Blog by: Layla Nahavandi

As most of us already know, the American criminal justice system is extremely

flawed. Incorrect and excessive convictions are all too common, and what convicts can do after serving their time is restricted as well. Not to mention the disgusting issue of police brutality and

how we fail to bring it’s victims justice. However, in this post I’ll be focusing more so on the connection of incarceration to homelessness.

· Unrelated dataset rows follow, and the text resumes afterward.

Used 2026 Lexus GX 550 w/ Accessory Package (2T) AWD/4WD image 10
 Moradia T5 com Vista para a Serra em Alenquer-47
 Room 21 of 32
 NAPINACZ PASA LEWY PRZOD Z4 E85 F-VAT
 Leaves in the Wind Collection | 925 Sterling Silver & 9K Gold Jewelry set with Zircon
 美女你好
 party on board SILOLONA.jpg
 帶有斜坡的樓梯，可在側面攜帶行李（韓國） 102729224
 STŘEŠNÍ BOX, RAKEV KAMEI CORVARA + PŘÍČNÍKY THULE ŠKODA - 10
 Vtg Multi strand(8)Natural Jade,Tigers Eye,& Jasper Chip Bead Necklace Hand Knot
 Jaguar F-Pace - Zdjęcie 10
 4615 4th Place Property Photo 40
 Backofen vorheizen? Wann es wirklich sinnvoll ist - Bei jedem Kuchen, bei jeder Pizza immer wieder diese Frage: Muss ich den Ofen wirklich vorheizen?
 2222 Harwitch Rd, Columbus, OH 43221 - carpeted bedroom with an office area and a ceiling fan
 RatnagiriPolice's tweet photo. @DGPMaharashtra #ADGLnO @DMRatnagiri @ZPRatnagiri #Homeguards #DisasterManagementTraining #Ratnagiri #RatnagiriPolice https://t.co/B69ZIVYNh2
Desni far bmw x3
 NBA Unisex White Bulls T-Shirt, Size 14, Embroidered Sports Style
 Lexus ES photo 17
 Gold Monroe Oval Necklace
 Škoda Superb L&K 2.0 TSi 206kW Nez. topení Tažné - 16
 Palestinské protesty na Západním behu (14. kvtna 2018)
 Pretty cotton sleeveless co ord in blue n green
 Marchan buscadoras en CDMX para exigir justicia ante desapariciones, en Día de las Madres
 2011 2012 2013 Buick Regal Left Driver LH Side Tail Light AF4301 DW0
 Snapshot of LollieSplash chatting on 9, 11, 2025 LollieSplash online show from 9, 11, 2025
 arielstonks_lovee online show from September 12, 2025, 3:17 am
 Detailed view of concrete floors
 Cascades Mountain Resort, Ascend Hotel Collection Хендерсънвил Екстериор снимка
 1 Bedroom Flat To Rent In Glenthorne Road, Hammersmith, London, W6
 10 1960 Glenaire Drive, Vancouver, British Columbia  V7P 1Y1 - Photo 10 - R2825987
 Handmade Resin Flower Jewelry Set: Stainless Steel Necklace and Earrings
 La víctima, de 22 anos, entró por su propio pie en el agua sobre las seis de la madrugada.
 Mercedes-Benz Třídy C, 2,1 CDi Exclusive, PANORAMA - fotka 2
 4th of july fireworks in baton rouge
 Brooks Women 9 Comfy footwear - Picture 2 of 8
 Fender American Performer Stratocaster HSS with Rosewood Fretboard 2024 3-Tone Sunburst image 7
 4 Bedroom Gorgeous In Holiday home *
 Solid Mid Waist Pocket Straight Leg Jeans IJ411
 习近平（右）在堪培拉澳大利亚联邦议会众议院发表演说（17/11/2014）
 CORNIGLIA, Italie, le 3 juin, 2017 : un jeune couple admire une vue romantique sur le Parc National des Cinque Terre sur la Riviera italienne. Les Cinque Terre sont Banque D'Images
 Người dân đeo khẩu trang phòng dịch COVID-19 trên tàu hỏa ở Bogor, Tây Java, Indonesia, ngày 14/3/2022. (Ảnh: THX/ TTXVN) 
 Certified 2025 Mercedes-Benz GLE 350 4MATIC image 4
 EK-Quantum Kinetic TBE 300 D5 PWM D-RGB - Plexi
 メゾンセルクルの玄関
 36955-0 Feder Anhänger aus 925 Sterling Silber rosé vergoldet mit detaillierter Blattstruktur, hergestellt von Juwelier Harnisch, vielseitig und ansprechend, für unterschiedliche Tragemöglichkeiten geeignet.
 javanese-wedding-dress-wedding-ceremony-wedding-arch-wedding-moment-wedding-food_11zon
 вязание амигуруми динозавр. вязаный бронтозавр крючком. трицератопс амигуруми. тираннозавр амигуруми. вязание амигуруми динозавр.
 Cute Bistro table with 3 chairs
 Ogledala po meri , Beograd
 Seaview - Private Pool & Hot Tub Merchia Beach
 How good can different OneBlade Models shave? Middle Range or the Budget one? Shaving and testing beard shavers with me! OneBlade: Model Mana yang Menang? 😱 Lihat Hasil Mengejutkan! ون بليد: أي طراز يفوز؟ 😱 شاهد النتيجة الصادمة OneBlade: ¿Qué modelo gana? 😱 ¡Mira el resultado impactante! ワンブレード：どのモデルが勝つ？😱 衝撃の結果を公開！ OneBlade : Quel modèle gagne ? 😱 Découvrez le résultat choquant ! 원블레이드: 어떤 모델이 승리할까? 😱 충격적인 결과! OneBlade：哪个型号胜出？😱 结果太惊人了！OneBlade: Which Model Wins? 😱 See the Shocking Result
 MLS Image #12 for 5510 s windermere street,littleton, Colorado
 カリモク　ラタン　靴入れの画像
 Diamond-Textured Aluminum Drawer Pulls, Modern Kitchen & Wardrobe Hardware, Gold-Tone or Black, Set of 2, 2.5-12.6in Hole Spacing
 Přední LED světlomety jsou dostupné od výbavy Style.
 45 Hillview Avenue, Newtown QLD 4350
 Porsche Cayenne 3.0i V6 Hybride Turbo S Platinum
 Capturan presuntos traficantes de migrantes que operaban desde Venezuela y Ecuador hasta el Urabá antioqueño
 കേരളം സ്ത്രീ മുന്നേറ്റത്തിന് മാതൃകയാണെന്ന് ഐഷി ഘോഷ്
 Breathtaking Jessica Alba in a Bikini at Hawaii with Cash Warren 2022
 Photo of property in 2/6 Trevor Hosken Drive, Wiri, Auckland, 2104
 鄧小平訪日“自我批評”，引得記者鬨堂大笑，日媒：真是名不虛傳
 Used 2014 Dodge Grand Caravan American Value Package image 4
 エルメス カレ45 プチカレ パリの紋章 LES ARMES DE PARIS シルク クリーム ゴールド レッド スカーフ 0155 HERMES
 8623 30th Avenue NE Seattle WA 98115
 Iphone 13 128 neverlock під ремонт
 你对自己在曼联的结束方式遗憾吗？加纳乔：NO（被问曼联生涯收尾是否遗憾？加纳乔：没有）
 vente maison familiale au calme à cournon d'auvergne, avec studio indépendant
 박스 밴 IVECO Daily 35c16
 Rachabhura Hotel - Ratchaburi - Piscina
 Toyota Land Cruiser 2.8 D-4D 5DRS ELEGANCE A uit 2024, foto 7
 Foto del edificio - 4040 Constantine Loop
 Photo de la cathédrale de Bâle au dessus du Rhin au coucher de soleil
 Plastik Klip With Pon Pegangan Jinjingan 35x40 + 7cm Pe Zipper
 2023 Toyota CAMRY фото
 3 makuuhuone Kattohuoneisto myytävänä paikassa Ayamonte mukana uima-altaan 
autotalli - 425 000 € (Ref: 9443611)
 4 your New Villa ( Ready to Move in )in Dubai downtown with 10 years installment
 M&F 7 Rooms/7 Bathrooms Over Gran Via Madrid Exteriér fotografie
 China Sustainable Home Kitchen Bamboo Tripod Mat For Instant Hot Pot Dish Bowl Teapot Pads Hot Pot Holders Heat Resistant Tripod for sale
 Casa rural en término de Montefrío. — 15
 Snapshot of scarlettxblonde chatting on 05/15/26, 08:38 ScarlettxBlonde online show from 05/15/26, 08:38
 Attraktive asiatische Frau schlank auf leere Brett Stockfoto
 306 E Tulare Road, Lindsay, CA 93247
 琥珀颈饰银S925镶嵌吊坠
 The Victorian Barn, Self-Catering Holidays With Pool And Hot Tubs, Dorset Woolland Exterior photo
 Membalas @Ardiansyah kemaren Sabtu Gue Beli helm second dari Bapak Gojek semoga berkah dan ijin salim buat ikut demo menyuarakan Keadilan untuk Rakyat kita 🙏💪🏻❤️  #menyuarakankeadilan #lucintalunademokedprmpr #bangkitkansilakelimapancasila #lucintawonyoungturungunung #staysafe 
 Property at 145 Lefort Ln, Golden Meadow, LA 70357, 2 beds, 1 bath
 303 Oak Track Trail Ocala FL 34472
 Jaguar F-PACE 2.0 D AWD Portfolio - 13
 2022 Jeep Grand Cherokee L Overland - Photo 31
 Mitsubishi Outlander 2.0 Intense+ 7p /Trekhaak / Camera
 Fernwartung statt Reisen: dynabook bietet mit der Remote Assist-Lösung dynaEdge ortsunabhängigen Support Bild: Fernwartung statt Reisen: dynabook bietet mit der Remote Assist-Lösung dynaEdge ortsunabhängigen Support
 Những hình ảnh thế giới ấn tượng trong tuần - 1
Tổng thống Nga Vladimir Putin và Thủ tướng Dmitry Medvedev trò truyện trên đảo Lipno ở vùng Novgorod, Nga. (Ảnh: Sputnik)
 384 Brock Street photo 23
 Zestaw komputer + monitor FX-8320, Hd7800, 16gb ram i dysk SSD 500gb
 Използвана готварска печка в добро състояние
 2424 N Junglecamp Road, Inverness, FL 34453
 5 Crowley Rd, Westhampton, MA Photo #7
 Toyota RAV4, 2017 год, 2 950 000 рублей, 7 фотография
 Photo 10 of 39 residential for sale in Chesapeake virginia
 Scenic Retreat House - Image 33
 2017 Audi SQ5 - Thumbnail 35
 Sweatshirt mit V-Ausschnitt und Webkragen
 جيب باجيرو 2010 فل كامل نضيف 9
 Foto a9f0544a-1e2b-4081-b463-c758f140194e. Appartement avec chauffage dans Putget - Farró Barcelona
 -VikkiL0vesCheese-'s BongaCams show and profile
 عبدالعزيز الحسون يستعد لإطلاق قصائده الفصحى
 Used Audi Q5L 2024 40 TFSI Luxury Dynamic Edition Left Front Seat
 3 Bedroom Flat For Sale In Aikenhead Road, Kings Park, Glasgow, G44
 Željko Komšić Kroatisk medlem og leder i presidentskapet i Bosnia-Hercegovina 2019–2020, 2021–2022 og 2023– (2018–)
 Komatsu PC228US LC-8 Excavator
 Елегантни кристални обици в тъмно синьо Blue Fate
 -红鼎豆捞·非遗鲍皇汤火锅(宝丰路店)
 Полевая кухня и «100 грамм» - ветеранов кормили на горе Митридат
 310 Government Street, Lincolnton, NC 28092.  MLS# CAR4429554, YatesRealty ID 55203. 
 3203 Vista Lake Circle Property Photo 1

Homelessness can be both a cause and consequence of incarceration. Charges like

loitering, sleeping in public, or squatting on private property can, and have, led to homeless

people being incarcerated. This, when we examine the large homeless population in America,

leads to the number of those incarcerated inflating at a rapid pace. Even if those charges only led to fines, homeless peoples may very well not be able to pay off said fines, leading to their

incarceration. When they serve their time and leave, they are now homeless and an ex-convict,

making it even harder for them to leave the situation they’ve been left in. The stigma against

ex-convicts, specifically in America, has made it incredibly difficult for ex-convicts to find work.

A lot of times, even if someone fits all the criteria, a criminal background would set them back

by a milestone. It’s not only absolutely ridiculous, but it only contributes to our inflating

homeless population.

In another situation, let’s say someone with a good life prior to incarceration had served

their sentence and was now free. A lot of times, when people leave incarceration, their support

system and belongings are lost due to the amount of time spent behind bars. A lot of people enter incarceration with a healthy life and leave with it in shambles. It’s another reason why the

homeless ex-convict population is so high.

Those that are homeless with a criminal background are actually expected to be homeless

for a longer amount of time, due to stigma and legalities that bar them from certain jobs or

finding stable housing. The numbers of those incarcerated aren’t small either. America is failing

this marginalized group, just as it’s failing the homeless population in general. Ex-cons have

served their time, and deserve to be treated as normal people. When we bar them from voting,

allow them to be openly discriminated against, and do nothing when job opportunities are

unrightfully taken away from them, we fail them. There need to be laws that protect ex-con

rights, especially those that committed non-violent crimes. We need to start treating them like

people. In order to solve the homelessness crisis, these marginalized groups need to be helped.